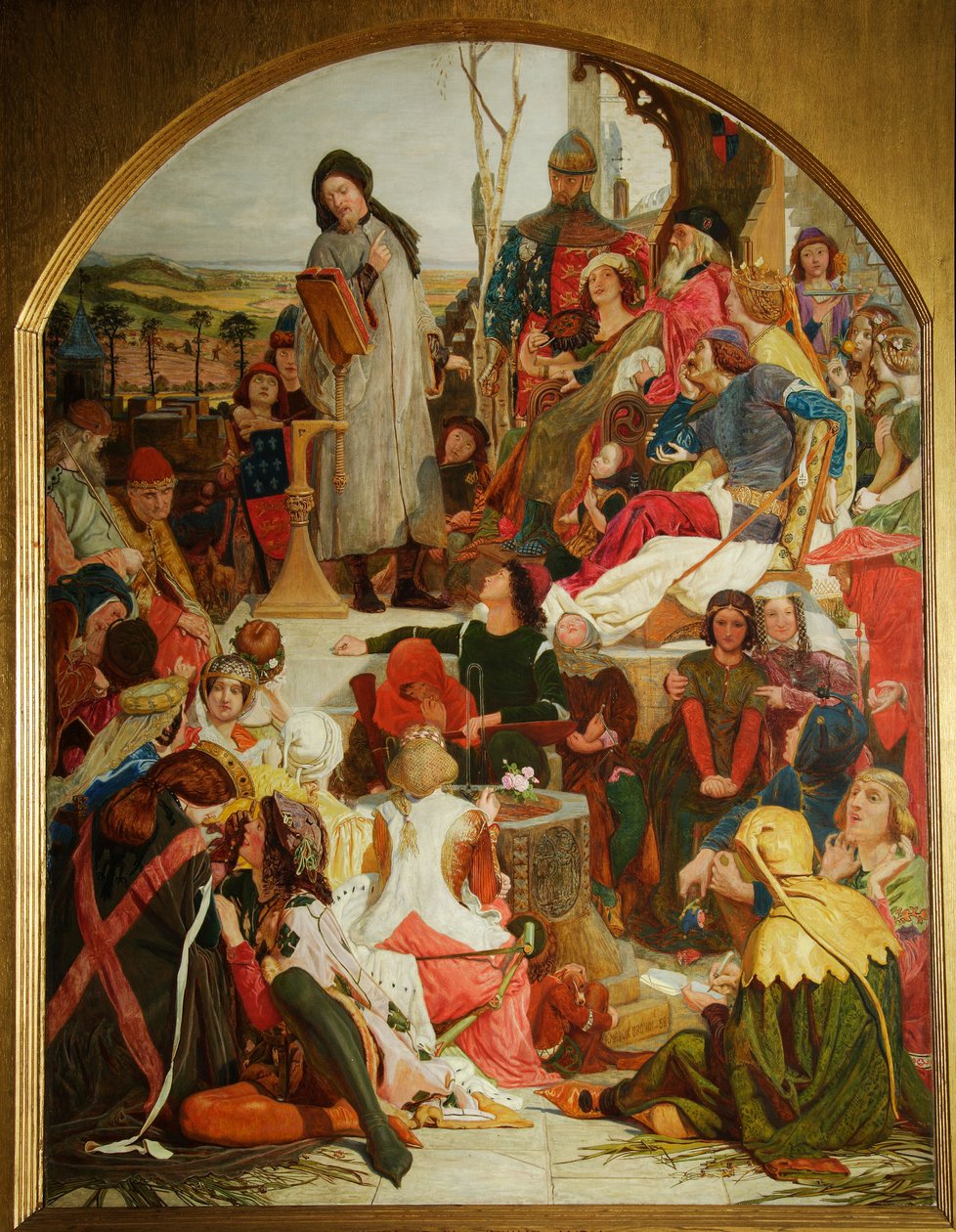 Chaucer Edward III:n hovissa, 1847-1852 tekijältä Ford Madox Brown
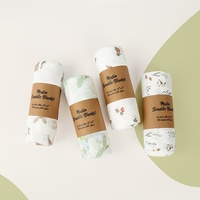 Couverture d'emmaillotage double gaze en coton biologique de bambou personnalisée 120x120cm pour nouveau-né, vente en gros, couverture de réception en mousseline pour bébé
...
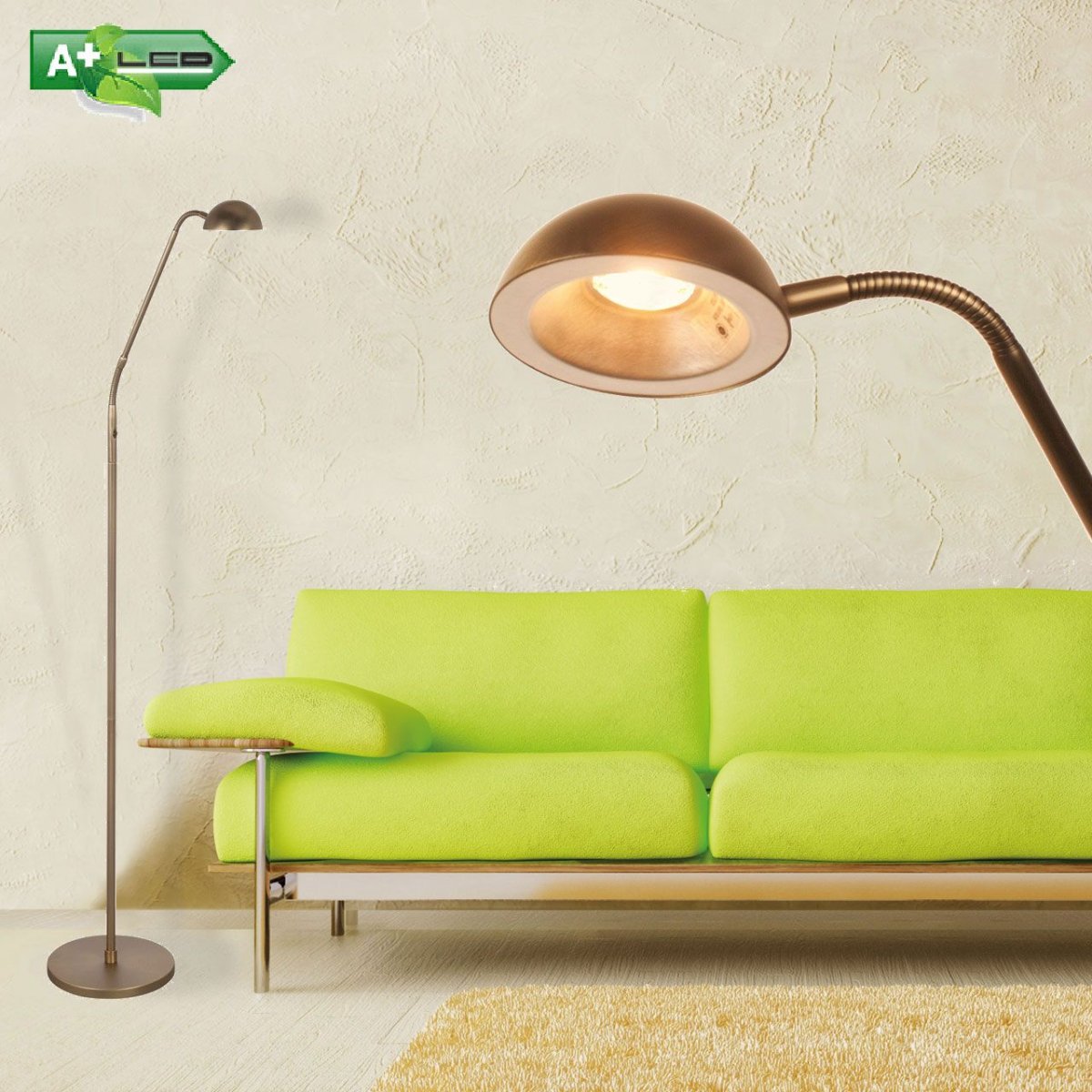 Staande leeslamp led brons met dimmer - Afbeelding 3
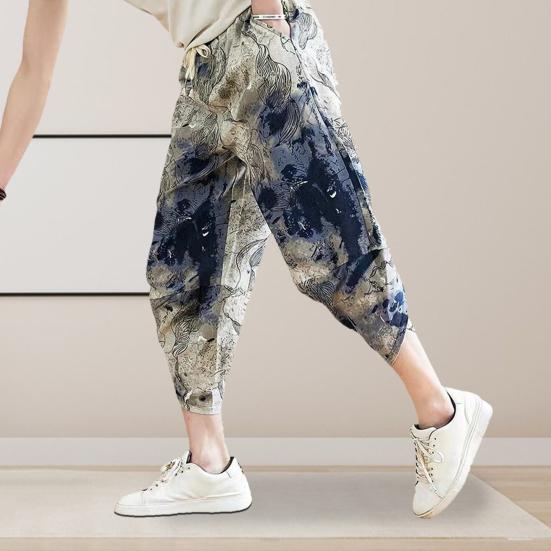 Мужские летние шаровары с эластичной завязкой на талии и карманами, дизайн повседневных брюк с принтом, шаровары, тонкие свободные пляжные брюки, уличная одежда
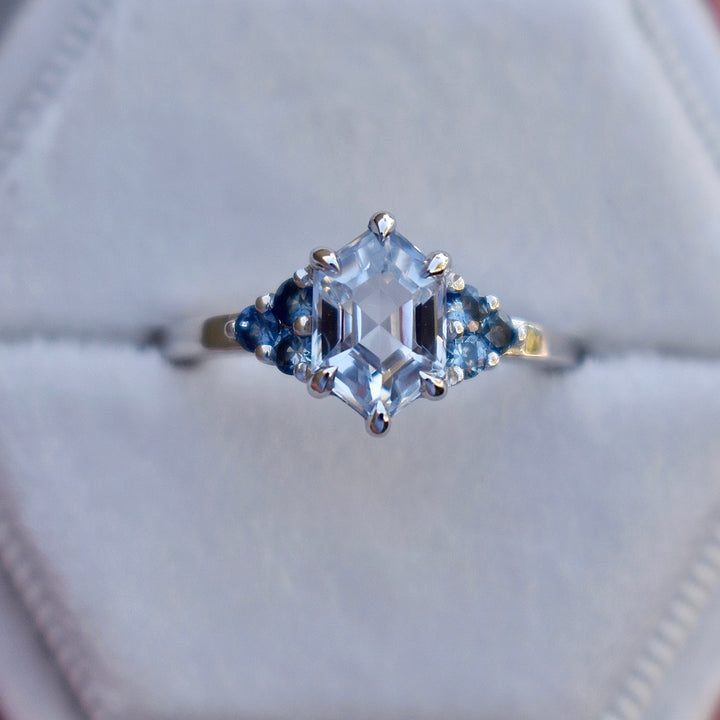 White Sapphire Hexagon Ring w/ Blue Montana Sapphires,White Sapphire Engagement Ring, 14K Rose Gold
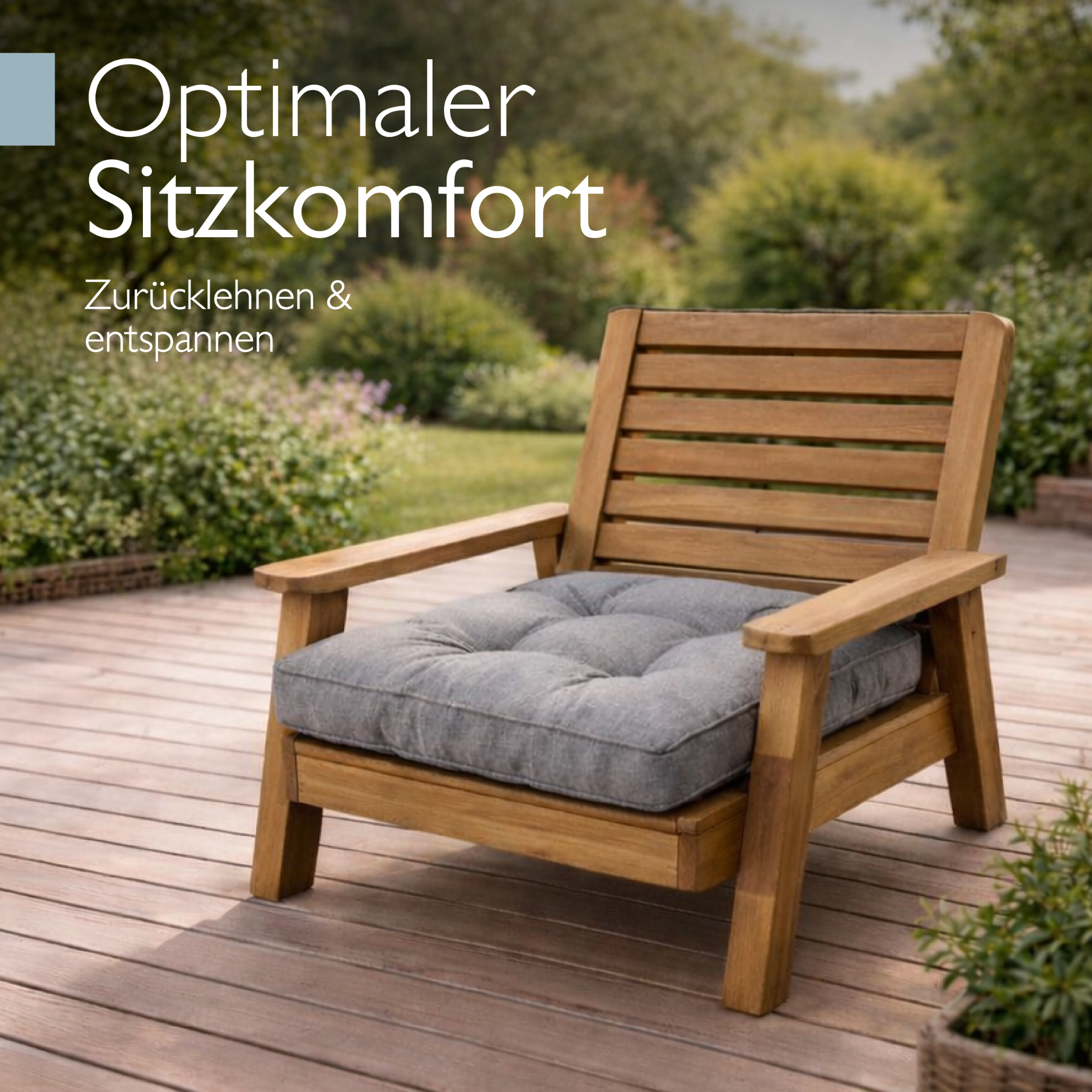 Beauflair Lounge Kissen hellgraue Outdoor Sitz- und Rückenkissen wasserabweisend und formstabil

» EXERCISE BRIEF
Within the listing above, copy exactly the lines that start at the one with "Мужские летние шаровары" and continue through the one with "Beauflair Lounge Kissen". Omit pictures.

» YOUR RESPONSE
 Мужские летние шаровары с эластичной завязкой на талии и карманами, дизайн повседневных брюк с принтом, шаровары, тонкие свободные пляжные брюки, уличная одежда
 White Sapphire Hexagon Ring w/ Blue Montana Sapphires,White Sapphire Engagement Ring, 14K Rose Gold
 Beauflair Lounge Kissen hellgraue Outdoor Sitz- und Rückenkissen wasserabweisend und formstabil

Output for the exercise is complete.